А в театральном плане это значит: глаза в глаза, зрачки в зрачки, взгляд, проникающий в душу соседа, мысль, нащупывающая его мысль. Иначе говоря, непременно и обязательно — объект в партнере. И потому диалог Достоевского никогда не превращается в монолог, а его монолог весьма часто оборачивается диалогом, что нашло свое наиболее отчетливое выражение в главе «Черт. Кошмар Ивана Федоровича» — одной из самых ярких глав романа «Братья Карамазовы».
И еще одно соображение, с этим связанное. Соображение, так сказать, последующего порядка, ибо я не помню, чтобы я слыхал в те времена что-либо подобное от Владимира Ивановича. В общем, это мое собственное соображение. Но оно, мне кажется, многое объясняет в том творческом событии, о котором Немирович-Данченко писал Станиславскому, образно называя это «проломить стену».
Существует термин: полифоничность Достоевского. Именно потому, что сам писатель — «дитя неверия и сомнения», он предоставляет своим героям безусловную «свободу голосов». Он не играет в поддавки ни с одним из них, а дает каждому обосновать свою точку зрения. Люди Достоевского спорят так, что, право, иногда и не знаешь, кому поверить, на чью сторону встать. Это спорят разные голоса в душе самого писателя, яростно сшибаясь друг с другом, приводя доводы один парадоксальнее другого, один другого острее и неожиданнее. И все это льется неудержимым потоком на страницы его произведений. Достоевский «диалектичен», как, может быть, ни один писатель. Все его интересы прикованы к сфере человеческой психологии, к борьбе в сознании, в душе героев. И это сделало Достоевского «своим человеком» в Художественном театре.
Правда, можно и заплутаться в извивах противоречий, раздирающих героев Достоевского, утонуть в «двух безднах», им свойственных. Можно потерять представление о добре и зле, о чести и бесчестии, о подлости и благородстве. Тогда — гибель реалистического искусства, ликвидация его идейных основ. Тогда ставить Достоевского опасно и вредно, так же как вредно и неправомерно его лишь таким образом читать.

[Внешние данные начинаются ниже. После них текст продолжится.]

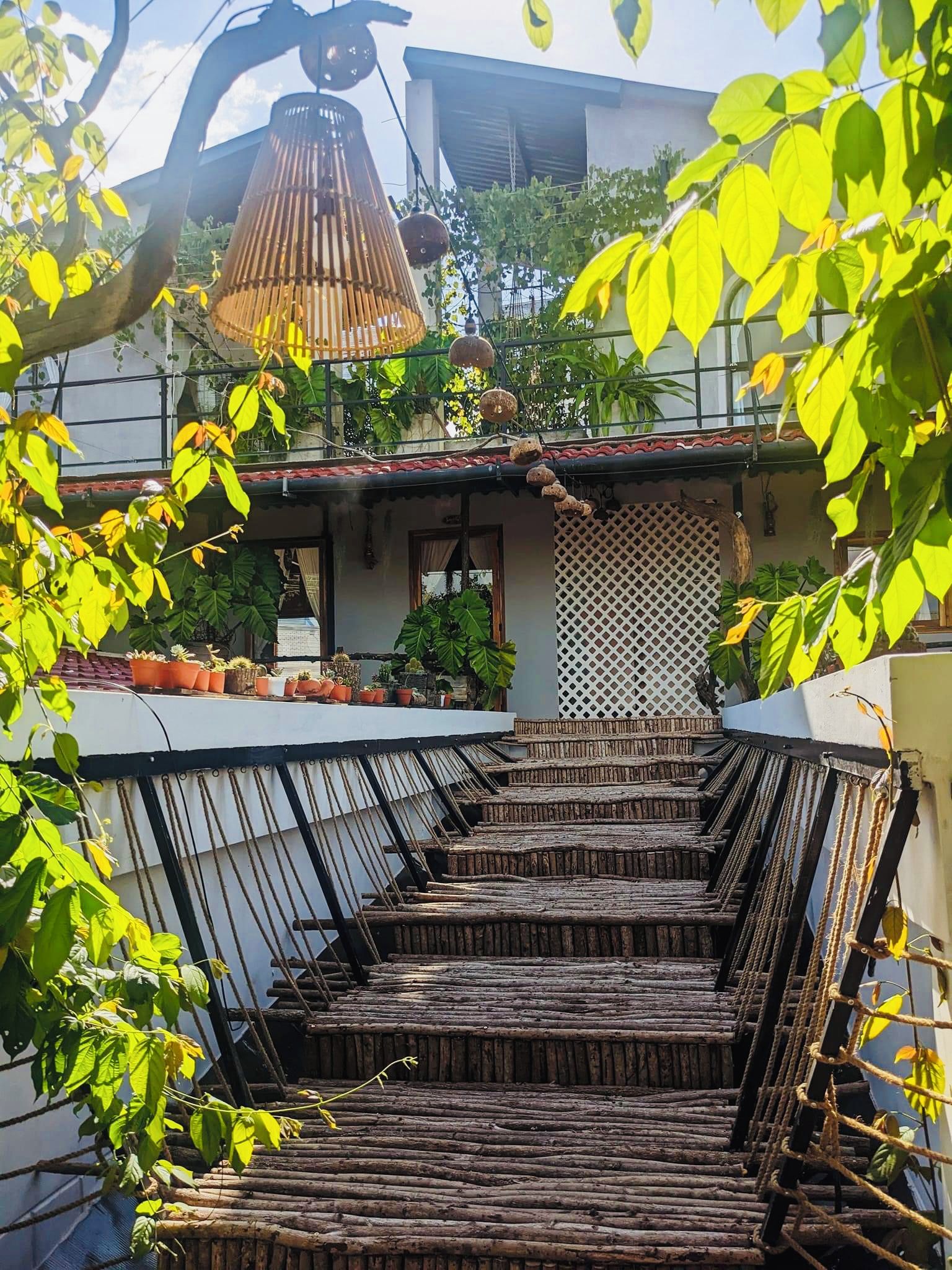 Eine Holzhandrail führt zu einem Hauseingang.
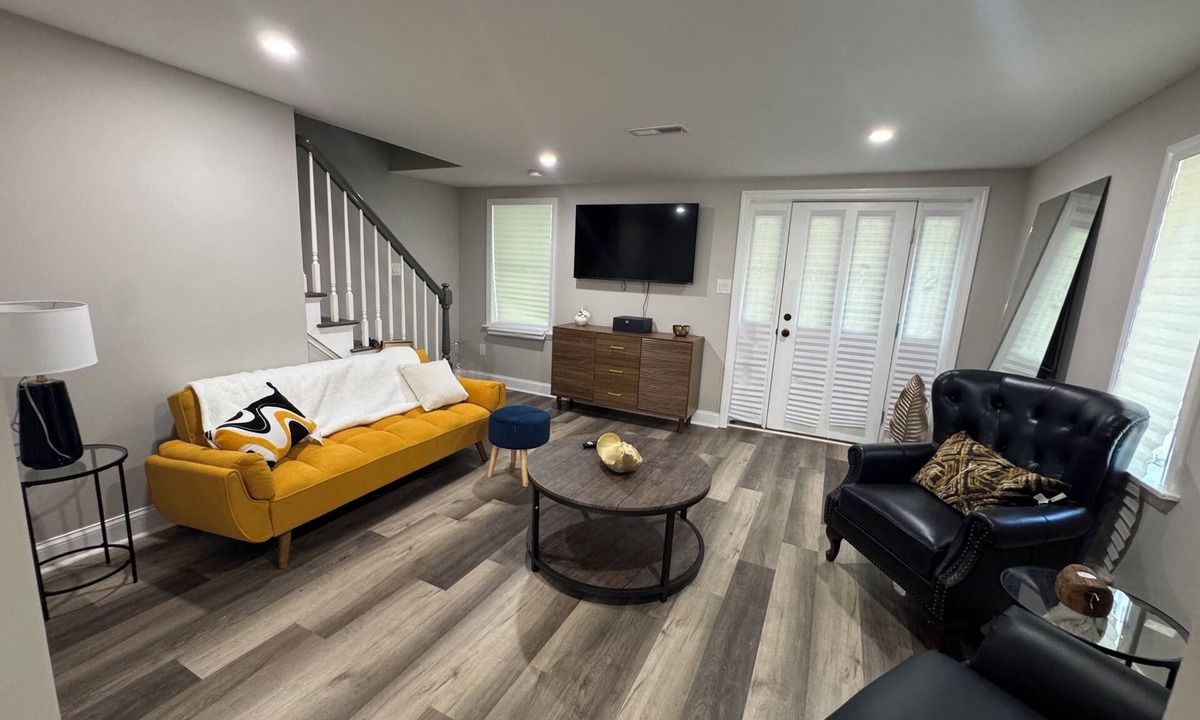 Grenloch House | Luxury Modern Retreat for Groups & Couples Near Philly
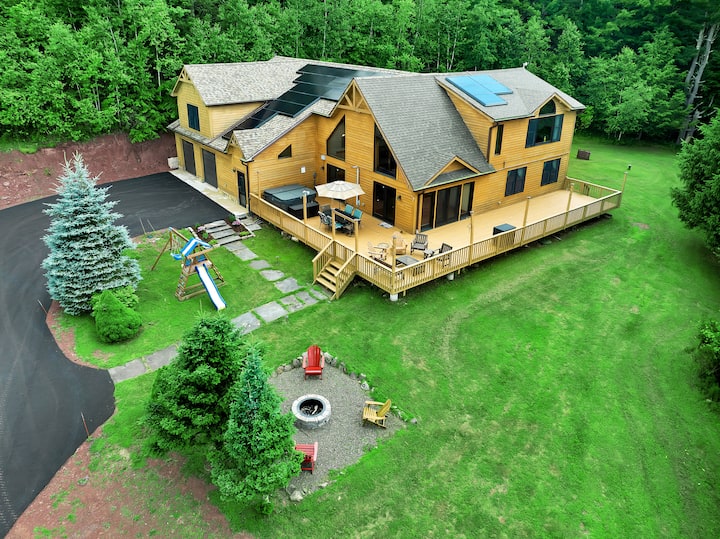 Mountain Views-game Room-hot Tub-5 Minutes To Town - Windham, NY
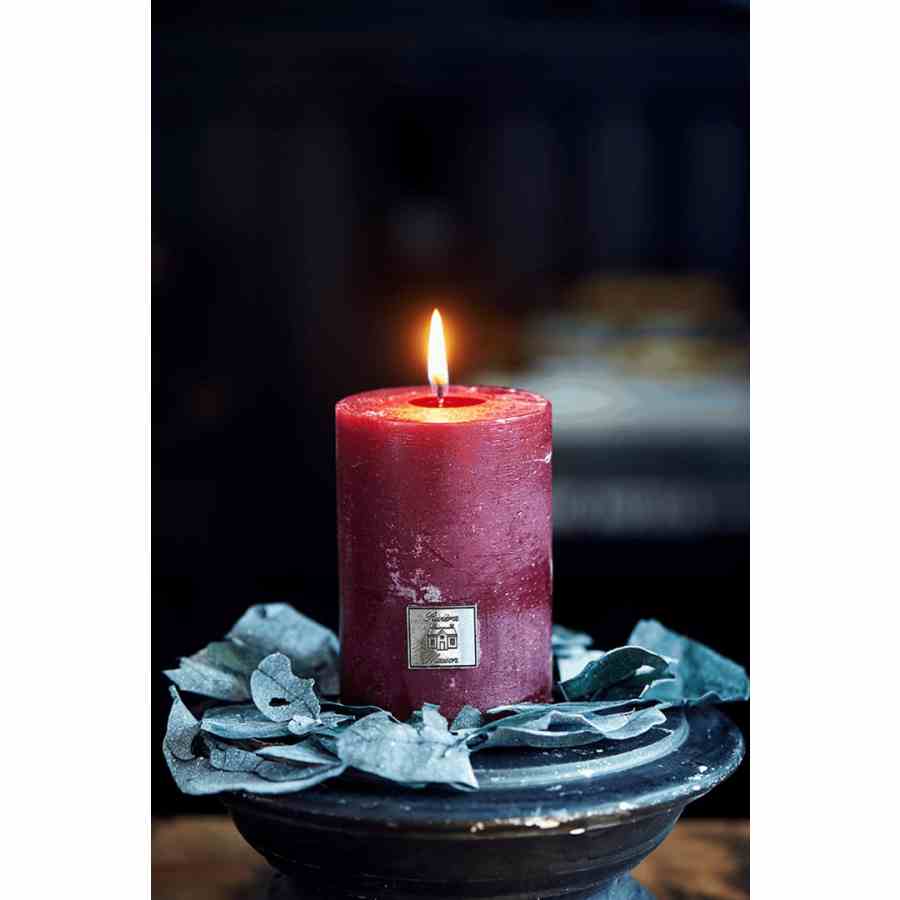 Rustic Candle cranberry 7x10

Но Достоевский не Гамсун и не Уайльд. Он не стремится ошеломить читателя, поразить его «странностью» людской, не зовет любоваться изломом человеческой души. Достоевский страдает вместе со своими героями. И нужно уметь услышать эту глубокую и истинную ноту, скрытую в романах писателя, уловить его тягу к нравственному, чистому в человеке. Тогда нам откроется, кого любил он и кого ненавидел, чему в душе поклонялся и что в конце концов сжигал.
Именно так это было в спектакле «Братья Карамазовы». Театр многое «расслышал» у Достоевского, а кое в чем и поспорил с ним. И коль скоро это было так, то страстная интеллектуальность письма, необычайная острота мысли писателя, пламенный накал чувств и насыщенность внутреннего мира его героев — все эти свойства таланта Достоевского помогли театру вырваться на простор искусства трагического, создать большое социальное полотно.
Все, что было накоплено о Чехове, постигнуто на материале сдержанной, «тихой» психологической драмы, ярким пламенем взметнулось в Достоевском, позволило актерам подняться к невиданным прежде высотам. Потенциальные силы прогрессивного сценического метода Станиславского именно в Достоевском получили полную свою реализацию, наконец-то стали явны всем. Потому что после «Карамазовых» никто уже, кажется (включая А. Р. Кугеля), не мог усомниться в том, что Художественный театр — это прежде всего театр актера.
Художественные особенности спектакля логически вытекали из его идейных основ.